What is expected. Word for word, restate the lines from the top of the records below through the line with "Centipede - Board Game #15H", both included, with no pictures in the result.

========================================================================

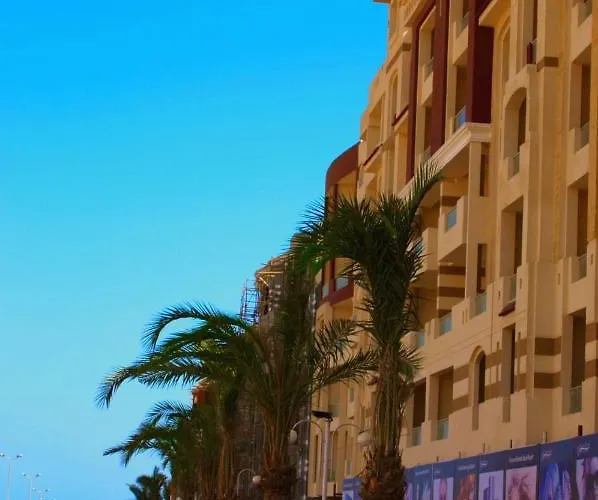 G In Florenza Khamsin Apartment Hurghada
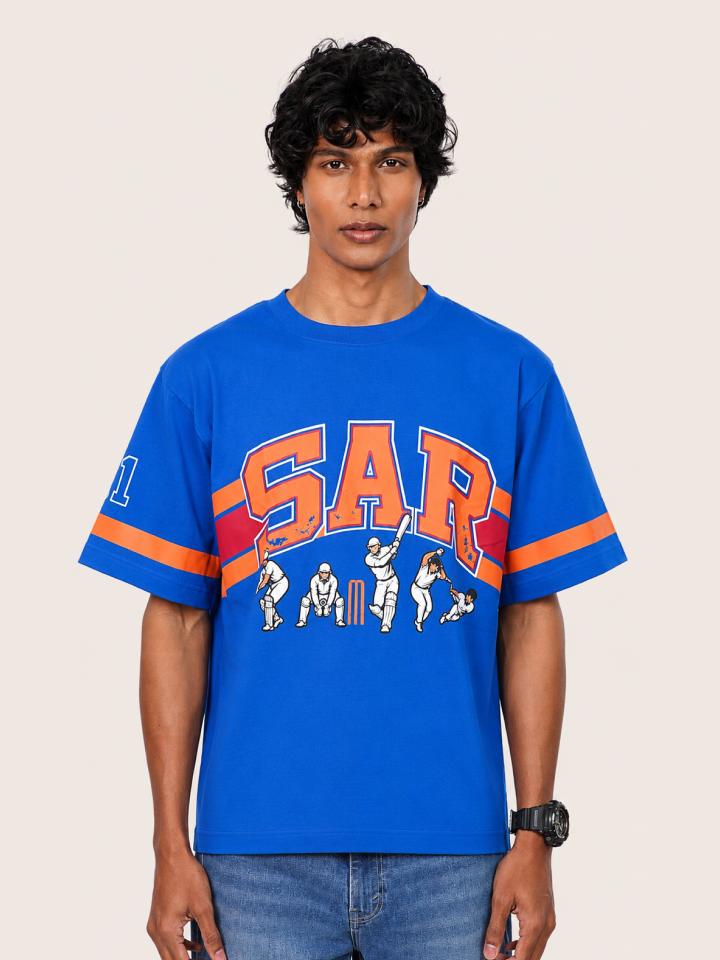 SAR Club 21 Cricket Tee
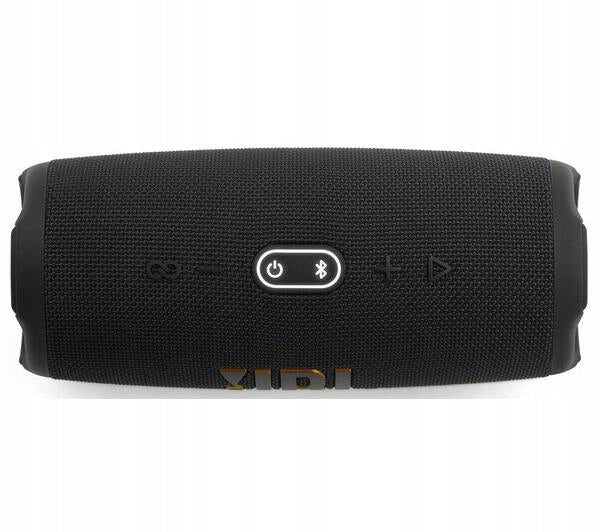 Portable speaker JBL Charge 5 black 40 W Manufacturer code JBL CHARGE 5 TML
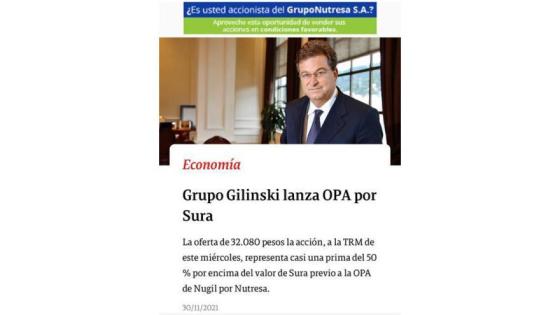 Gilinski Semana Gilinski Semana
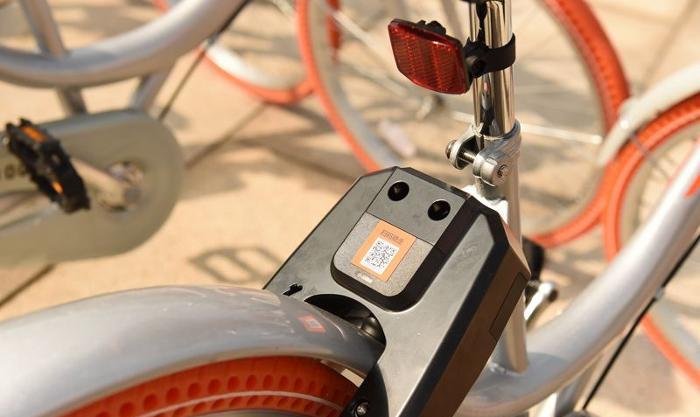 基于nxp lpc54605的nb-iot 2g gps共享单车锁方案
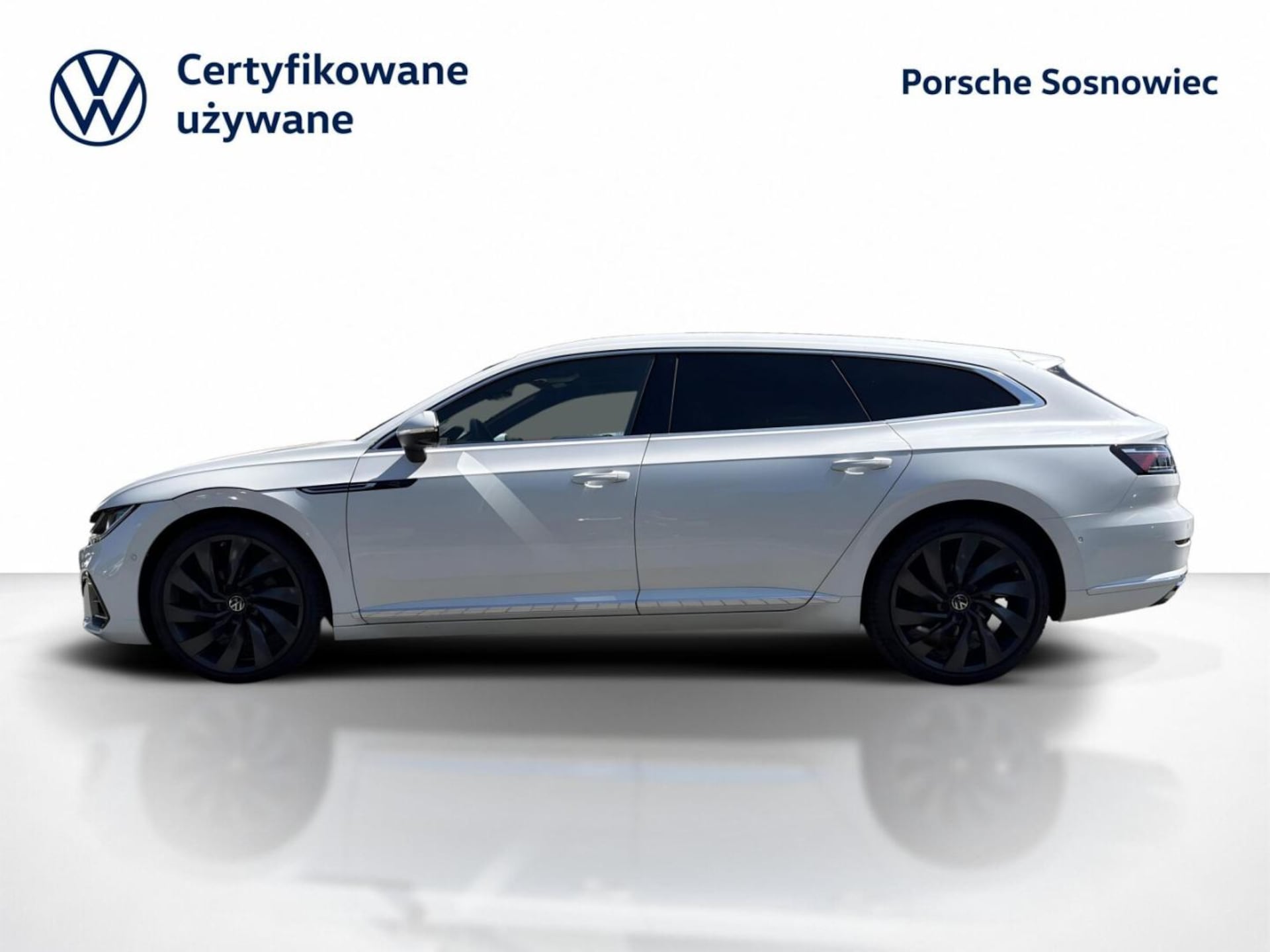 Volkswagen Arteon Shooting Brake R-Line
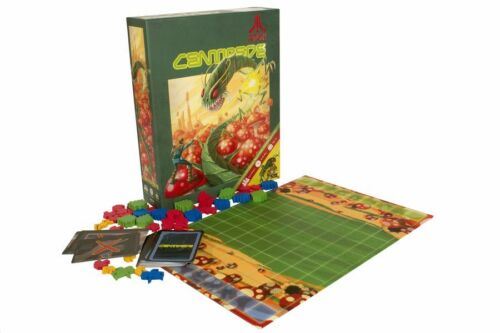 Centipede - Board Game #15H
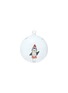 首图 –点击放大 - ICHENDORF MILANO - Penguin With Christmas Hat Bauble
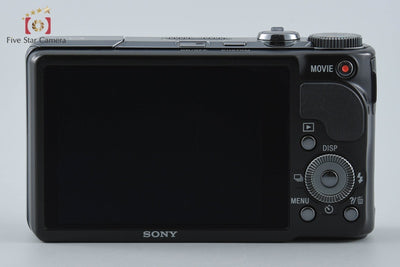 【中古】SONY ソニー Cyber-shot DSC-HX9V ブラック デジタルスチルカメラ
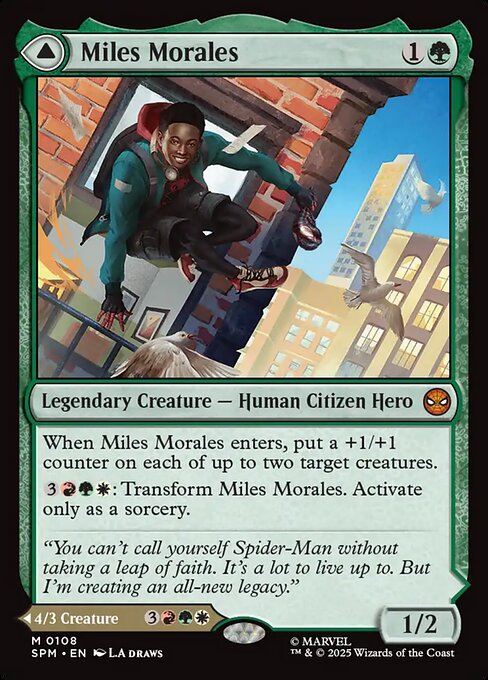 Miles Morales - Marvel's Spider-Man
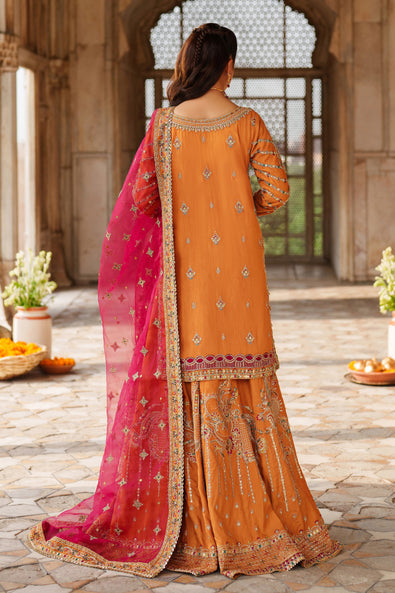 Naqshi | Jahan Bridals | Mahzaeeb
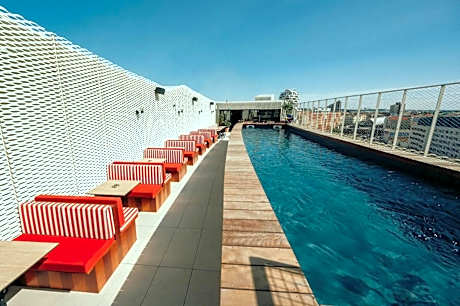 JOST Hotel Montpellier Centre St Roch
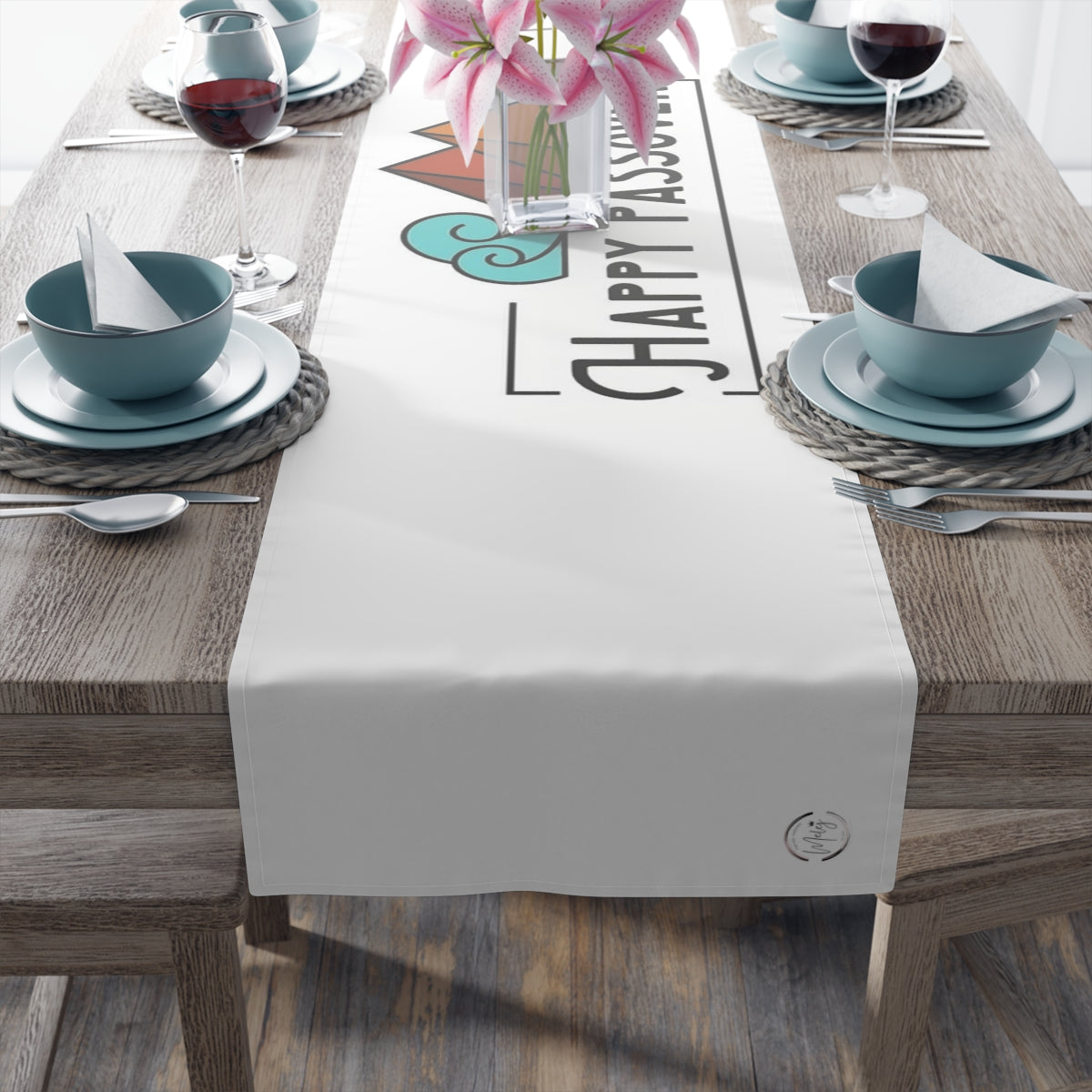 Table Runner (Pesaj)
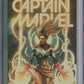 Captain Marvel #1 CGC 9.8 Variant Cover
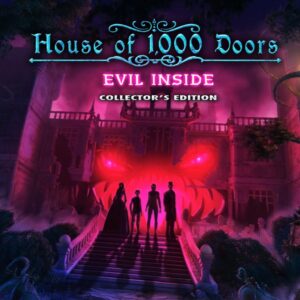 House Of 1000 Doors: Evil Inside Collector's Edition [PS5]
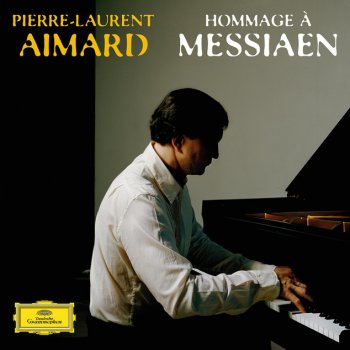 Olivier Messiaen feat. Pierre-Laurent Aimard Préludes: 8. Un reflet dans le vent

========================================================================

Answer for this exercise.
 G In Florenza Khamsin Apartment Hurghada
 SAR Club 21 Cricket Tee
 Portable speaker JBL Charge 5 black 40 W Manufacturer code JBL CHARGE 5 TML
 Gilinski Semana Gilinski Semana
 基于nxp lpc54605的nb-iot 2g gps共享单车锁方案
 Volkswagen Arteon Shooting Brake R-Line
 Centipede - Board Game #15H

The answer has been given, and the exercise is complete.